Sat. June 22 Docked in Whittier, near Anchorage, around 1 a.m. We disembarked and set off on a land tour, at the mercy of Princess. We had to get up at 5:30 a.m. to get to our “staging area” (our Santa Fe restaurant) by 6:00 to wait until 6:30 with a couple hundred others, like cattle, to a waiting train car #3, table #15, to sit facing backward with another couple (facing forward) for the trip to Talkeetna, arriving around 4 p.m. Dumpy sort of train, not at all like the luxury of the Rocky Mountaineer. I had tried several times to get more info from Princess about this part of the trip: whether we had reserved seats, any choice of where we sat, whether all seats faced forward and/or reclined. I prefer to see where I am going to, not where I have been. I never got answers. Either they did not know, or, more likely, did not want us to know. We were then transferred to coaches (had the option of staying several hours in Talkeetna for an extra charge). Tired, we went on to the Princess McKinley Wilderness Lodge on a hilltop with an excellent view of the highest mountain in North America.. Word is that the peak is enshrouded in clouds six days out of seven, but for all three days we were in the area we had wonderful views of the mountain in all its glory and majesty. Also some good photos and postcards . We are, however, in the clutches of Princess. Nothing at all nearby to get anything to eat other than their expensive restaurants. I talked a bartender into a glass of milk ($2.50) so we could eat some cereal with a banana we had snitched from the ship.
Sun. June 23 Motor coach to the Denali Princess Lodge, in the small town with a Subway across the street. We have been surprised at the large numbers of people from China, Japan, and India on these cruises and tours, probably because we left from the west coast. The Subway was so jammed that we settled for tuna sandwiches from a nearby gas station. Our tour included a four or five hour bus trip through Denali National Park and Preserve, where one hopes to see the “big five”: bear, caribou, moose, antelope, and wolf. The best time to do that is early morning. Our tour went at 2:30 p.m. (Princess chose the time) and was, I believe, billed as a “landscape tour.” We had only a distant view of a caribou and a moose or two. In the evening, we saw (extra cost) a hokey, home-written hill-billy type play about the first climb of Mt. McKinley.
Mon. June 24 Motor coach to Fairbanks. Not a lot of fun. Some lovely mountain scenery, and then a long ride through flatlands with one-way, dusty, bumpy road construction and orange barrels, just like home. After a four hour ride to the outskirts Fairbanks, we had a good paddle wheel boat ride lasting several hours. It included views of riverside shanties and mansions, a famous sled-dog training farm, some float plane docks and a plane taking off and landing beside the boat, and a stop of several hours at a park with lectures and exhibits of the earlier ways of life here: processing and smoking salmon, making of fur and other clothing, song and dance, mostly by natives from Alaskan villages. I found it sad, though, that none of the young lecturers could recite a poem in any native language. All spoke the English that the missionaries had taught their parents or grandparents. And though in some villages there are old folk willing to teach the young ones the language that their grandparents spoke. Most of the youth, as in Ireland, South America, Australia, New Zealand, and many other places, want to speak the current lingua franca (an odd Latin/french phrase that now refers to English). Alas.

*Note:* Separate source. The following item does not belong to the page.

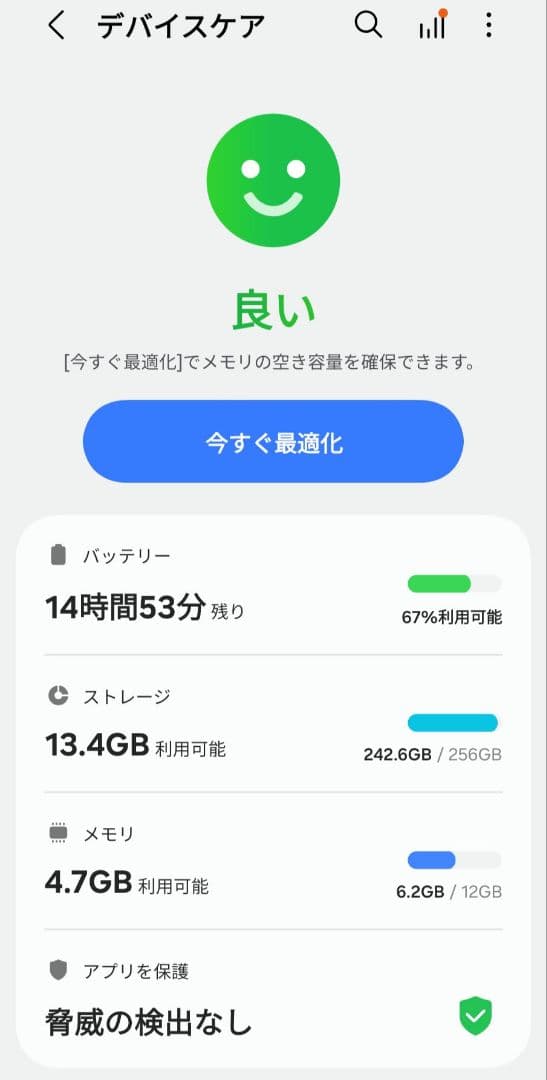 【新品】Galaxy Z Fold5 ブルー SIMフリー おまけ付き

Tue. June 25 Fairbanks Spent last night at the Princess Riverside Inn near the airport, and today is the official end of the Princess tour. We have two more days on our own in Fairbanks. Tried to use the free (for seniors) local bus service. Had to deal with long waits and walks and missed or late buses. Found a good, reasonable downtown hotel, the Bridgewater, and rented a car from AK rental.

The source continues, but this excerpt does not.